Specialist health and safety consultancy SMTS is issuing a warning to transport company directors that “drama queen” so-called experts are using scare tactics to drum-up business.
The firm says that some unscrupulous consultants are exaggerating the risks to company directors of increasingly complex legislation, the compensation culture, and the rise of no-win, no-fee lawyers.
“Management by fear is not the route to a safer working environment,” said SMTS Managing Director Jamie Cliffe. “Our message to directors who are faced with consultants who are clearly trying to put the fear of God into them with talk of corporate manslaughter and jail sentences is that they should show them the door, and hold their nerve.”
“The law is becoming more complex, and companies are expected to be more diligent about issues relating to safety. But the objective is not to jail responsible directors of well-managed companies who make the occasional slip up – it is targeted at cowboys and incompetents who wilfully, or carelessly, put their employees at risk.”
Mr Cliffe started his company three years ago after 18 years working in both health and safety, and training. The firm uses behavioural change systems, training and consultancy to help its clients lead their employees to a more positive view of health and safety at work.

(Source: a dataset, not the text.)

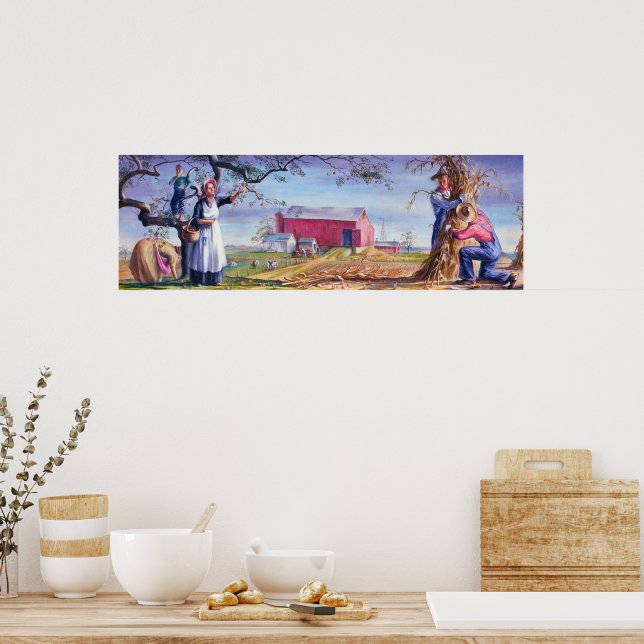 Hösten i Iowa Farm Life John O. Robert Vass 1940 Poster (Kök)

“We believe that if a workforce is working well together, and communicating efficiently, then safety awareness will follow and attitudes will change for the better,” he said.
“Unfortunately, selling this concept into a company requires greater advocacy skills and technical knowledge than is required if the objective is merely to frighten the client silly with over-stated risks. Enlightened clients, who approach the issue from an informed base, are already becoming wise to the problem.

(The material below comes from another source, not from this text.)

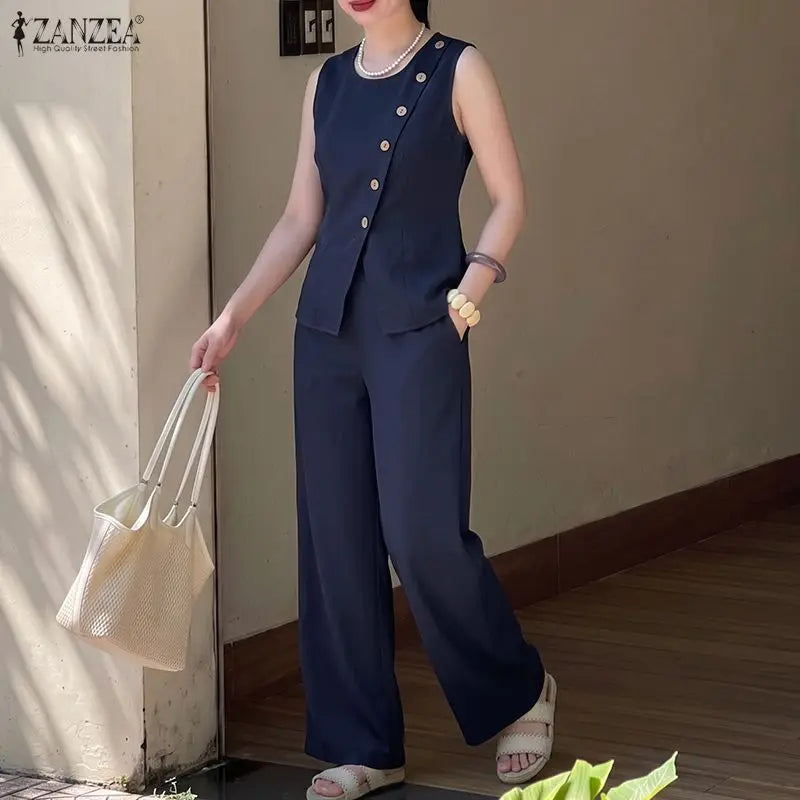 ZANZEA Fashion O Neck Sleeveles Tanks Tops Pants Sets Summer Women Matching Sets Irregular Buttons Up Blouse Trousers OL Outfits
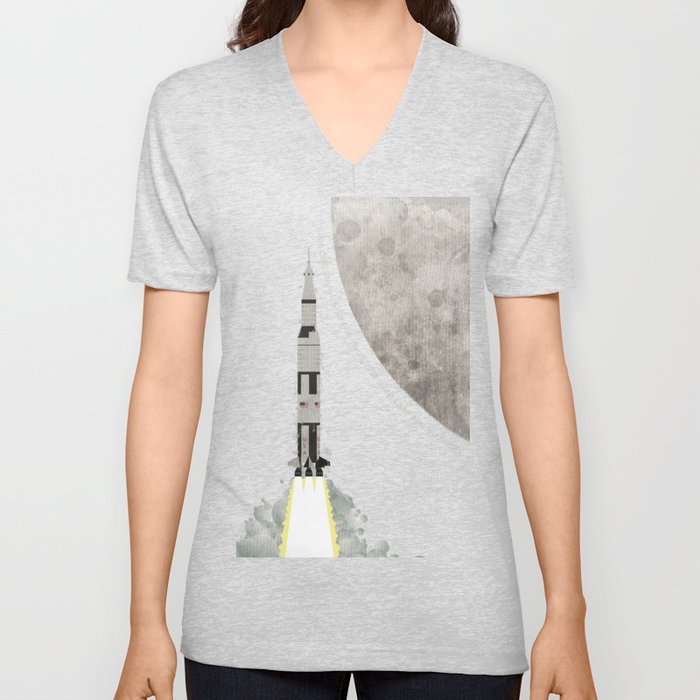Apollo Rocket Launch to the Moon V Neck T Shirt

“Some of the selling messages we have come across amount to little more than ‘hire us, or you risk going to jail’, and the industry really does have to be a bit more sophisticated and grown up than that. It might work with some clients, at the moment, but in the long run people are going to see through it – and if we can help them to do so faster, we will.”
Much of the information sold by unscrupulous consultancies is available free of charge from Government agencies, or from the internet.
Mr Cliffe said that the transport industry was inherently risk laden, but that a responsible, professional and positive approach to the issue would steer most companies away from trouble.
SMTS currently employs only a dozen people, but says that figure will more than double by the end of the year on the back of work which has already been secured. The firm has offices in North Yorkshire and Hertfordshire, and covers the entire UK.